Como lo que importa siempre es el fondo por delante de la forma, durante meses anduvieron vendiendo canguelo e ínfulas de equipo insuperable aún cuando todos sabían, y ellos mismos debían ser los primeros, que el equipo estaba cayendo en un insalvable bucle de mal juego. Por ello, cuando el Barça hizo el partido del año en el Bernabéu, no tuvieron más remedio que vender lo que hacía tiempo se preveía como una realidad. Aún así, creyeron conveniente que dos de los jugadores del equipo sí merecían estar en la portada.
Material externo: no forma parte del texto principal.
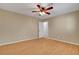 Bedroom with wood-look floors, ceiling fan, and white door at 602 Paloma Dr, Boulder City, NV 89005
Extraño el juego de merecimientos y desmerecimientos al que juega Marca desde hace tiempo. Me vale que el Madrid ayer (y en Santo Domigo), jugó horrible. Me vale que la primera hora en el Calderón fuese de una superioridad absoluta. Me vale la verdad y la verdad es la que yo veo. Me vale que el Madrid salga en la portada todas las veces que lo merezca y, espero, desde hoy, que los equipos que le ganen un duelo tengan su dosis de protagonismo gracias a su mérito y no al demérito del rival. Ellos mandan y ellos deciden, claro está, y por ende, ellos deciden sus portadas. Veremos cuánto tarda alguien en merecer (o desmerecer) una portada en este periódico, aunque con el inaudito ataque comparativo que idearon hace poco más de un año, miedo me da saber quienes, para ellos, son merecedores de ser portada de su diario.